Top of Dataset content
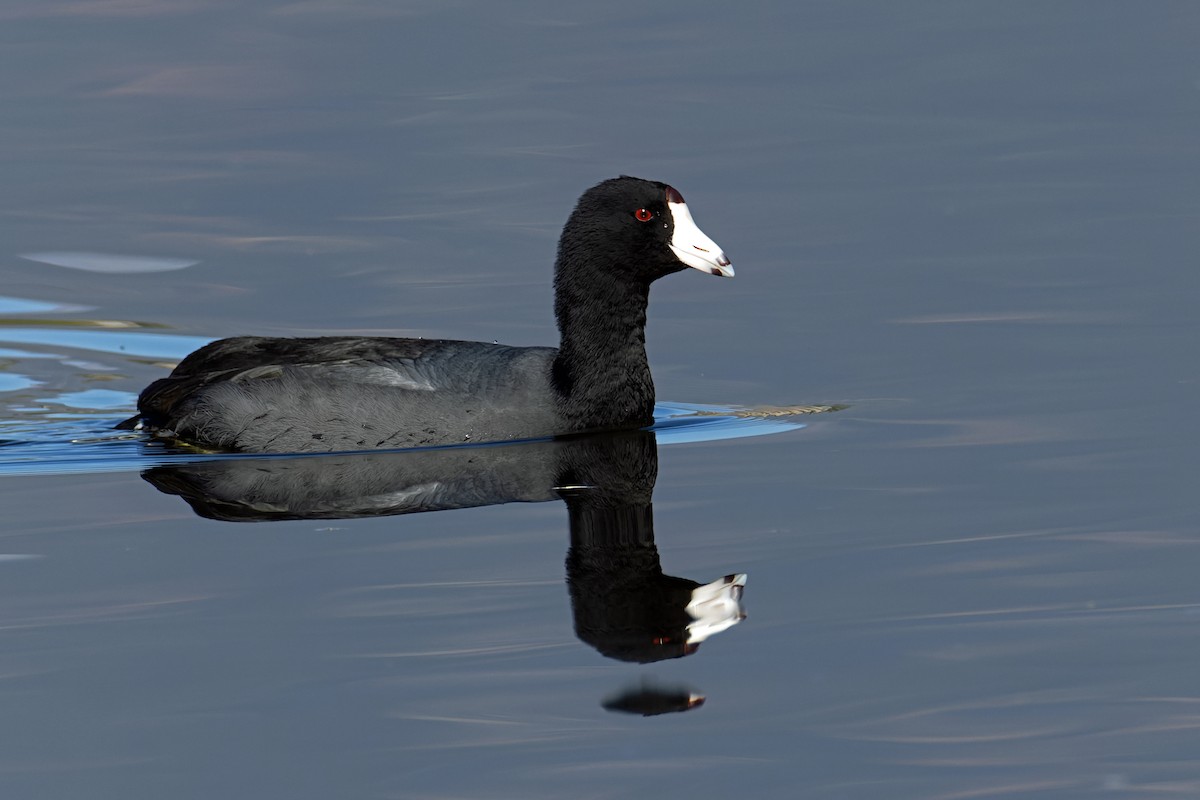 American Coot - ML646703915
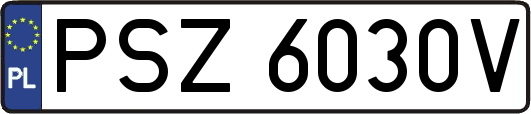 PSZ6030V
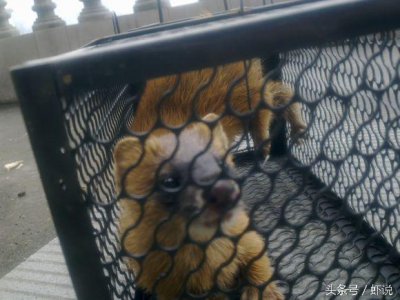 ​半夜撞见黄鼠狼，是喜是悲？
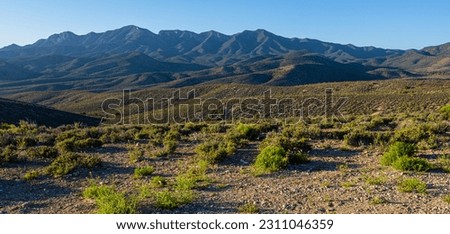 The La Madre Mountain Range, Red Rock Canyon National Conservation Area, Nevada, USA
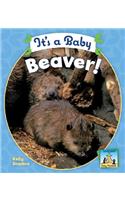 It's a Baby Beaver!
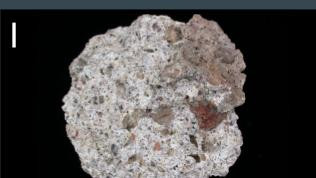 1525 image crop 560 150 890 480.jpg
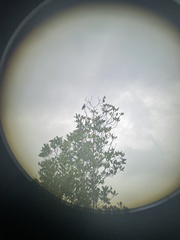 Ptilinopus aurantiifrons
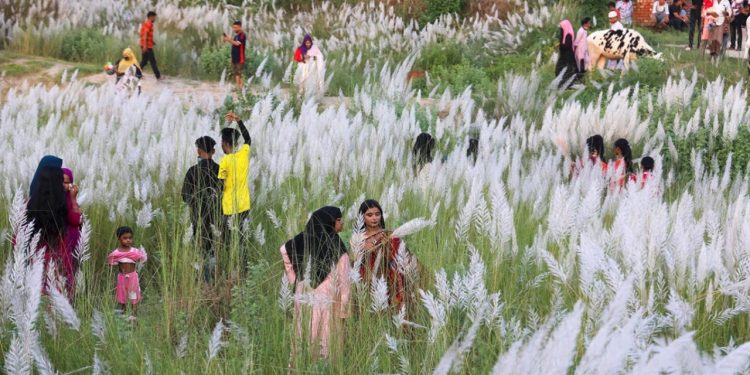 আজ থেকে শুরু হলো শরৎকাল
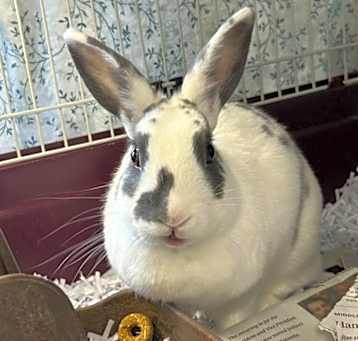 Photo of Guppie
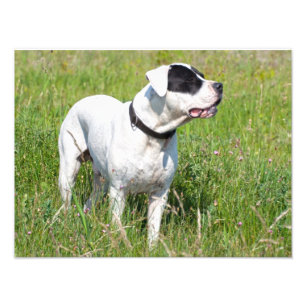 Beautiful Dogo Argentino Photo Print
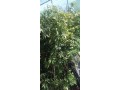 vente-tout-les-plante-byaa-gmyaa-anoaaa-alaghras-small-0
Bottom of Dataset content
(Task prompt)
What's needed is every record restated exactly, pictures excluded.

(Exercise answer)
 American Coot - ML646703915
 PSZ6030V
 ​半夜撞见黄鼠狼，是喜是悲？
 The La Madre Mountain Range, Red Rock Canyon National Conservation Area, Nevada, USA
 It's a Baby Beaver!
 1525 image crop 560 150 890 480.jpg
 Ptilinopus aurantiifrons
 আজ থেকে শুরু হলো শরৎকাল
 Photo of Guppie
 Beautiful Dogo Argentino Photo Print
 vente-tout-les-plante-byaa-gmyaa-anoaaa-alaghras-small-0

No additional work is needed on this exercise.